[Stored data]
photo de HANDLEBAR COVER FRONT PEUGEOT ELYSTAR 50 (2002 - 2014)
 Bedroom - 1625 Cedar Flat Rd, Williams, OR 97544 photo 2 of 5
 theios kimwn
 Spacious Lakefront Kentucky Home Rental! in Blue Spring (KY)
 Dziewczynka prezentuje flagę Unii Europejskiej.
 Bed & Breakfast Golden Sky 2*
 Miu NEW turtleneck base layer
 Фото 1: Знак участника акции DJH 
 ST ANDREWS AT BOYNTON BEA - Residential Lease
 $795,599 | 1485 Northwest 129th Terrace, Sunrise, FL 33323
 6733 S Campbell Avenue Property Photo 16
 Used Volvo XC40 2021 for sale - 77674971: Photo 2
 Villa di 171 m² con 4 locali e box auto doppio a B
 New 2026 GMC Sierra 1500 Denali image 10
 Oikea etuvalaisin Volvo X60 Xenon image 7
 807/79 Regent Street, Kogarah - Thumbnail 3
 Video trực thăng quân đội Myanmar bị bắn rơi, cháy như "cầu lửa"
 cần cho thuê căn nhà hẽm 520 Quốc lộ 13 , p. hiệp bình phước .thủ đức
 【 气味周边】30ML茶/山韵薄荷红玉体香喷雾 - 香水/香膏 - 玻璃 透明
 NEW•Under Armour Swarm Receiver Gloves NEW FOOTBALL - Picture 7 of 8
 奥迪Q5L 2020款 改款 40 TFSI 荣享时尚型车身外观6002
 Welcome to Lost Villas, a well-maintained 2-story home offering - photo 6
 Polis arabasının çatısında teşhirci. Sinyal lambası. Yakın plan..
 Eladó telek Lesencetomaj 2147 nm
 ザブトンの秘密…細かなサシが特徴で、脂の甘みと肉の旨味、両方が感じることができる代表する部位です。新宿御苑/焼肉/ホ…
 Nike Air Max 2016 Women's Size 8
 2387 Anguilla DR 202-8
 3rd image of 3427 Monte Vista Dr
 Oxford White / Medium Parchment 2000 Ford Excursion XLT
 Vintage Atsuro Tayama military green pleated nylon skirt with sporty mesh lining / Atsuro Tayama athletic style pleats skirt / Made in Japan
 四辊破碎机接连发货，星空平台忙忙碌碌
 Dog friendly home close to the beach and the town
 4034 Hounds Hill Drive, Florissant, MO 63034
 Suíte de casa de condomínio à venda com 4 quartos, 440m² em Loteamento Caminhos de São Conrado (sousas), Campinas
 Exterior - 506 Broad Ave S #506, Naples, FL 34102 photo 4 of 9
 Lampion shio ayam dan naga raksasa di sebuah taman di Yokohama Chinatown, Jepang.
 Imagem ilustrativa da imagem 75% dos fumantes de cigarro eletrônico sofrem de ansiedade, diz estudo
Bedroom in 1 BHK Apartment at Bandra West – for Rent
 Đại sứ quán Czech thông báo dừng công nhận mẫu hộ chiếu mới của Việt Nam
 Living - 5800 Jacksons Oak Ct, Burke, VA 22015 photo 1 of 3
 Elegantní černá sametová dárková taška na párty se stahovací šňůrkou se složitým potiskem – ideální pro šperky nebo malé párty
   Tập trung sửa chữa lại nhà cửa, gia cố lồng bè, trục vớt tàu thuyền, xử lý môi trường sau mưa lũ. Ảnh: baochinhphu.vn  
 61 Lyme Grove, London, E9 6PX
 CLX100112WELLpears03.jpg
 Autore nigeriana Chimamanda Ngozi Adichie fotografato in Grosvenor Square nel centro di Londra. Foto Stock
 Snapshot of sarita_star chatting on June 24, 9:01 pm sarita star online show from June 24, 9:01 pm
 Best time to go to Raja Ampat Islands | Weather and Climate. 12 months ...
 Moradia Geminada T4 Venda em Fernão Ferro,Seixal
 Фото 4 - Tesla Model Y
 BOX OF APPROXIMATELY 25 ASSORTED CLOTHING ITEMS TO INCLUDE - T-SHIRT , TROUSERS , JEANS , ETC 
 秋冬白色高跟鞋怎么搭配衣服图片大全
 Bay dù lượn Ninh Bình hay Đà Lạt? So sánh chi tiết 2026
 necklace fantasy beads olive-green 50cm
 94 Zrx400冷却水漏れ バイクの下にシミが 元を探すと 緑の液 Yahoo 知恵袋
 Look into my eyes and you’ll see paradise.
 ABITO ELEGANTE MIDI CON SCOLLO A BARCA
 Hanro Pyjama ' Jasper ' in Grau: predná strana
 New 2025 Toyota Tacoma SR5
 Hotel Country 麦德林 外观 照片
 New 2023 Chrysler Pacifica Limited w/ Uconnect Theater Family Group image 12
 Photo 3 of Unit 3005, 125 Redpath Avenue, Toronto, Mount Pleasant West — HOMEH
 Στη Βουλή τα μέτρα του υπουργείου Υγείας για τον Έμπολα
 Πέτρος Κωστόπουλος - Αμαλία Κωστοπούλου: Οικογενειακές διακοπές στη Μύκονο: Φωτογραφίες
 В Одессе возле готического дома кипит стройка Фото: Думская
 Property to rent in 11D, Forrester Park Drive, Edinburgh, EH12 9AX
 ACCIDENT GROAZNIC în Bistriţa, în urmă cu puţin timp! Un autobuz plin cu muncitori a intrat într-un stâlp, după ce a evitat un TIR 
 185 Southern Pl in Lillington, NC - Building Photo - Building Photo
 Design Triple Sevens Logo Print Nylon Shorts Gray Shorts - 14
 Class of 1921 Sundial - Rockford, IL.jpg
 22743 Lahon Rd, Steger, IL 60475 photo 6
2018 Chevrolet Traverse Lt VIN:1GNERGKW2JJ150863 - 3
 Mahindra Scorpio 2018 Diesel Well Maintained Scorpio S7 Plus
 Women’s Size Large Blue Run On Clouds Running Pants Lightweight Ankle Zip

» Problem details
Quote the records from their first line to the line with "Dog friendly home", inclusive, without adding or dropping anything.

» Exercise answer
photo de HANDLEBAR COVER FRONT PEUGEOT ELYSTAR 50 (2002 - 2014)
 Bedroom - 1625 Cedar Flat Rd, Williams, OR 97544 photo 2 of 5
 theios kimwn
 Spacious Lakefront Kentucky Home Rental! in Blue Spring (KY)
 Dziewczynka prezentuje flagę Unii Europejskiej.
 Bed & Breakfast Golden Sky 2*
 Miu NEW turtleneck base layer
 Фото 1: Знак участника акции DJH 
 ST ANDREWS AT BOYNTON BEA - Residential Lease
 $795,599 | 1485 Northwest 129th Terrace, Sunrise, FL 33323
 6733 S Campbell Avenue Property Photo 16
 Used Volvo XC40 2021 for sale - 77674971: Photo 2
 Villa di 171 m² con 4 locali e box auto doppio a B
 New 2026 GMC Sierra 1500 Denali image 10
 Oikea etuvalaisin Volvo X60 Xenon image 7
 807/79 Regent Street, Kogarah - Thumbnail 3
 Video trực thăng quân đội Myanmar bị bắn rơi, cháy như "cầu lửa"
 cần cho thuê căn nhà hẽm 520 Quốc lộ 13 , p. hiệp bình phước .thủ đức
 【 气味周边】30ML茶/山韵薄荷红玉体香喷雾 - 香水/香膏 - 玻璃 透明
 NEW•Under Armour Swarm Receiver Gloves NEW FOOTBALL - Picture 7 of 8
 奥迪Q5L 2020款 改款 40 TFSI 荣享时尚型车身外观6002
 Welcome to Lost Villas, a well-maintained 2-story home offering - photo 6
 Polis arabasının çatısında teşhirci. Sinyal lambası. Yakın plan..
 Eladó telek Lesencetomaj 2147 nm
 ザブトンの秘密…細かなサシが特徴で、脂の甘みと肉の旨味、両方が感じることができる代表する部位です。新宿御苑/焼肉/ホ…
 Nike Air Max 2016 Women's Size 8
 2387 Anguilla DR 202-8
 3rd image of 3427 Monte Vista Dr
 Oxford White / Medium Parchment 2000 Ford Excursion XLT
 Vintage Atsuro Tayama military green pleated nylon skirt with sporty mesh lining / Atsuro Tayama athletic style pleats skirt / Made in Japan
 四辊破碎机接连发货，星空平台忙忙碌碌
 Dog friendly home close to the beach and the town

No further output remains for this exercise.